▶ [What is being asked]: Using the data below, reproduce exactly the lines from the line with "Modern Skyscrapers International" to the line with "Short Ultra Thin", both included; pictures must be dropped.

▶ [Records for this task]:
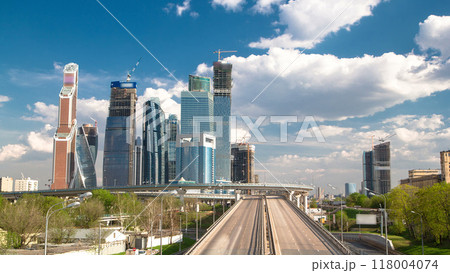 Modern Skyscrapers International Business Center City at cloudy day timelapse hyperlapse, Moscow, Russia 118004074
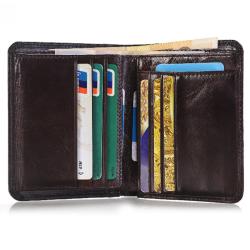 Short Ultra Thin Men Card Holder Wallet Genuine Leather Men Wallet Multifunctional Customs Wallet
---
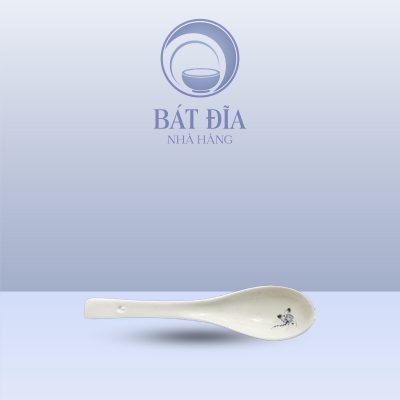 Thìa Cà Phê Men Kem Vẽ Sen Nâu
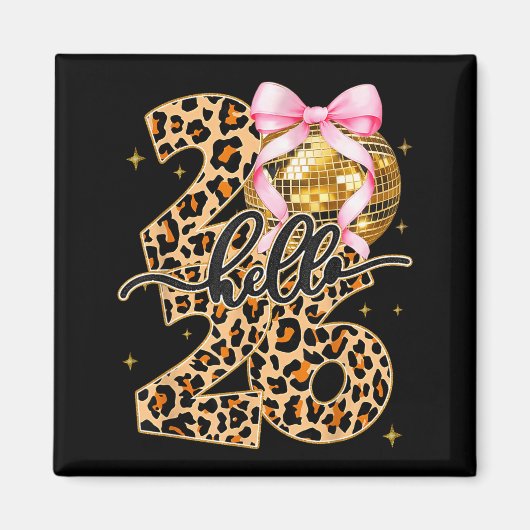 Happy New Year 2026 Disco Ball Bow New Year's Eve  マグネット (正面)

▶ [Task result]:
 Modern Skyscrapers International Business Center City at cloudy day timelapse hyperlapse, Moscow, Russia 118004074
 Short Ultra Thin Men Card Holder Wallet Genuine Leather Men Wallet Multifunctional Customs Wallet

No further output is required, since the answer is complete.